Das sehe ich genau so,darum bitte ich bei denn Beiträgen beim Thema zu bleiben.
Gruß und Segen von Joschie
Das Pferd wird gerüstet für den Tag des Kampfes, aber der Sieg kommt von dem HERRN. Spr. 21,31

Gast

Beitrag von Gast »

Joschie hat geschrieben:Mephiboscheth
@tschill, martin: wäre gut, das Thema Taufe an Ort u. Stelle weiterzudiskutieren.
Das sehe ich genau so,darum bitte ich bei denn Beiträgen beim Thema zu bleiben.
Gruß und Segen von Joschie
Ich sehe das nicht so! Ich faende es besser, die Threads einfach laufen zu lassen. In welche Richtung auch immer die Dynamik der Diskussion sie fuehrt. Ich weiss, dass so die Threads unuebersichtlicher werden, aber meiner Meinung nach ist es besser man laesst der Spontanitaet Raum.

Gast

Beitrag von Gast »

Hallo Till,
das mit der Taufe ist ein anderer Schauplatz, es sollte hier nur zur Verdeutlichung dienen, nicht um diese Diskussion jetzt hier zu führen (es sind ja noch mehr Punkte genannt).
Beachten wir doch bezüglich der Diskussion unsere Situation:

1. 2000 Jahre Kirchengeschichte hat einen unglaublich großen Berg an Irrlehren, Irrtümer, jedoch auch guten und bewährten Erkenntnissen gebracht.
2. 2000 Jahre Kirchengeschichte haben Lehransichten geprägt, die teils völlig unbiblisch waren und sind, jedoch die Mehrheit der sogenannten Christen daran orientierten. Einen Teil der Irrtümer haben die Reformatoren bereits deutlich gemacht, vieles wurde aber auch damals nicht korrigiert.
3. Woran orientieren wir uns also, wenn wir die biblische Wahrheit finden wollen? Pflücken wir uns angenehme, unserer Belehrung und Prägung entsprechende "Wahrheiten" heraus oder gibt es einen Prüfmaßstab, der richtig, falsch und tolerabel trennt?
4. Gehe ich nun her und versuche die aktuellen Praktiken zu begründen oder versuche ich aus der Bibel und den frühchristlichen Schriften das damalige Verständnis zu finden. Das sind 2 völlig widersprüchliche Ansätze. Begründen kann man letztlich alles irgend wie. Widerlegen geht noch schwieriger, da ja die Bibel viele Irrlehren damals nicht kannte und daher bestenfalls indirekt oder in Analogien diese kritisierte. Daher ist der "Begründungsansatz" immer sehr kritisch zu sehen, weil er letztlich nur auf eine "biblische" Rechtfertigung überkommener Traditionen hinarbeitet.
5. Bei meinem Ansatz, nur die Bibel in direkter Aussage zu verwenden, suche ich deutliche und eindeutige Aussagen.
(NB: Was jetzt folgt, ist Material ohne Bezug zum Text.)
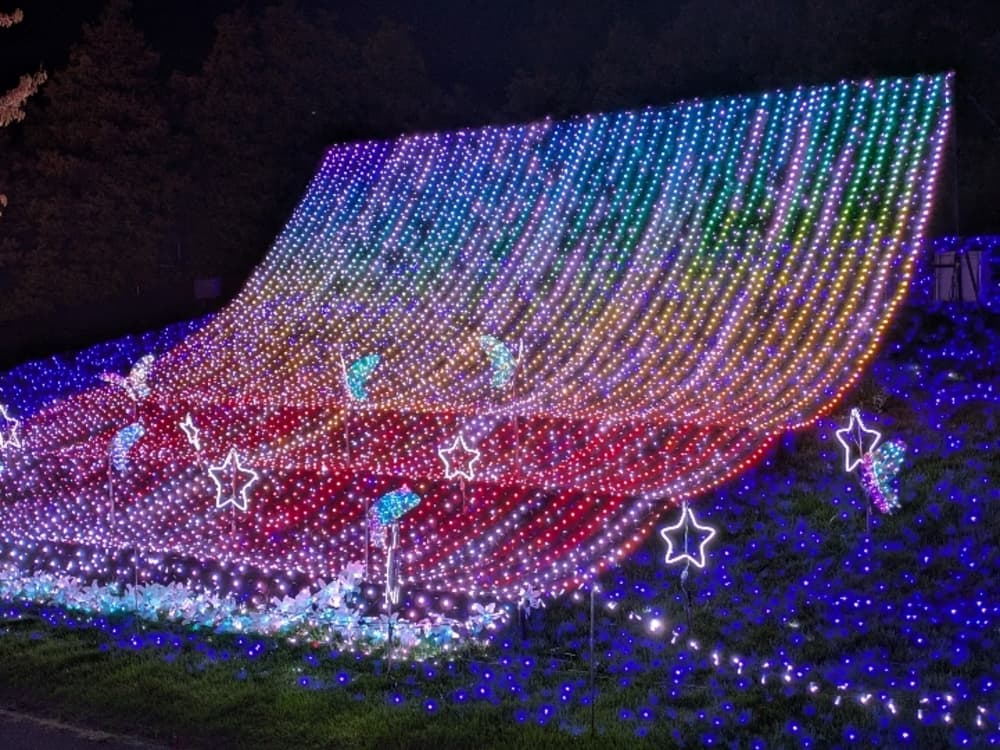 虹の郷 「虹の滝」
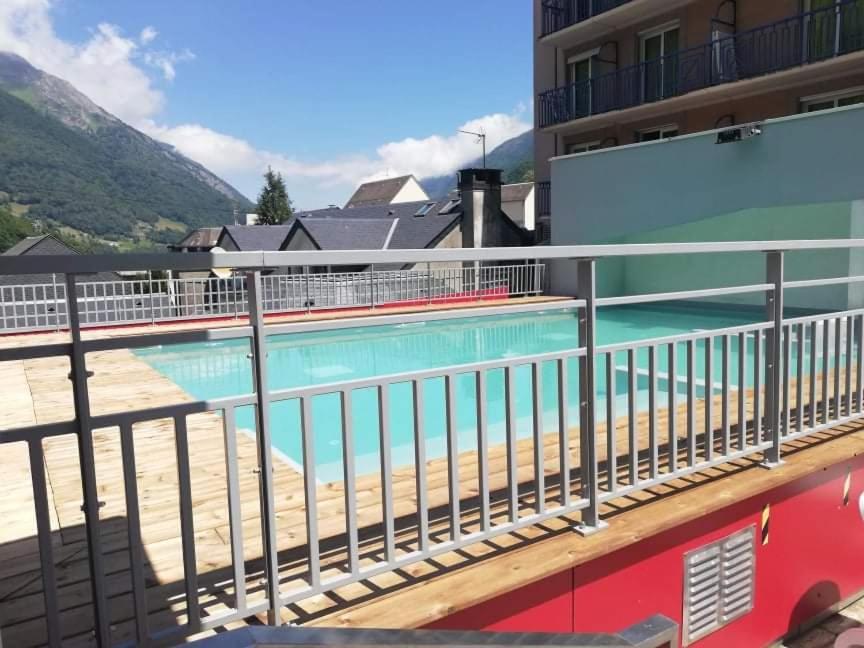 Appartement Prive Dans Residence Balneo Aladin Cauterets Bagian luar foto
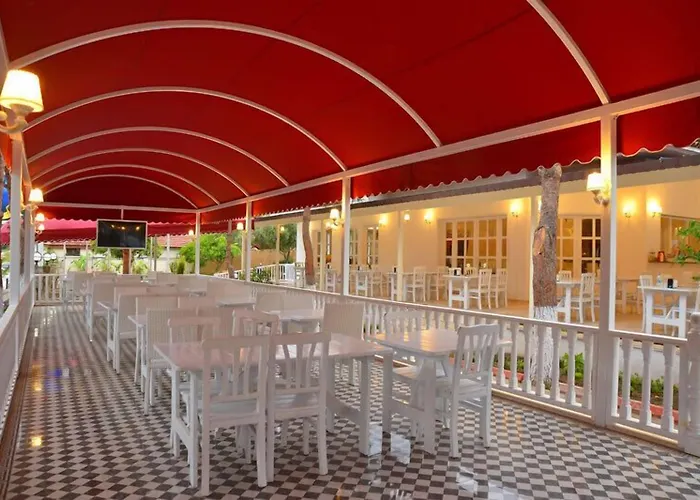 Hotel White 3*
Zudem sehe ich nach, was denn in den ganz frühen Schriften der Kirchenväter dazu steht, um nicht etwas aus unserer Sicht hineinzulegen, was es damals nicht gab. Damit kann man einen Großteil der Fragen klären und abarbeiten. Dann bleiben noch Punkte über, die man einfach nicht direkt, sonder nur über die Frage, ob es noch verträglich oder möglich ist, klären kann. Hier ist Raum für Tradition usw. Aus dieser auf die Urgemeinde bezogenen Klärung kann ich dann erst dazu kommen, die jetzigen Praktiken zu beurteilen, zu behalten, zu verändern oder zu lassen.

Daher verwerfe ich weder die Reformatoren, noch wertvolle Inhalte der Tradition, sondern ich tue das, was ich als Christ immer tun muss: Alles am Wort prüfen und jenen Maßstab anlegen. Ich stelle mich daher weder über noch unter irgendwelche Personen, sondern suche auf diesem Weg in diesem heutigem Lehrchaos klar zu kommen.
M.E. sind viele andere auch schon diesen Weg gegangen, jedoch haben sie ihn meist nur inkonsequent umgesetzt und viele alte Teile behalten (Luther wie auch Darby und andere.)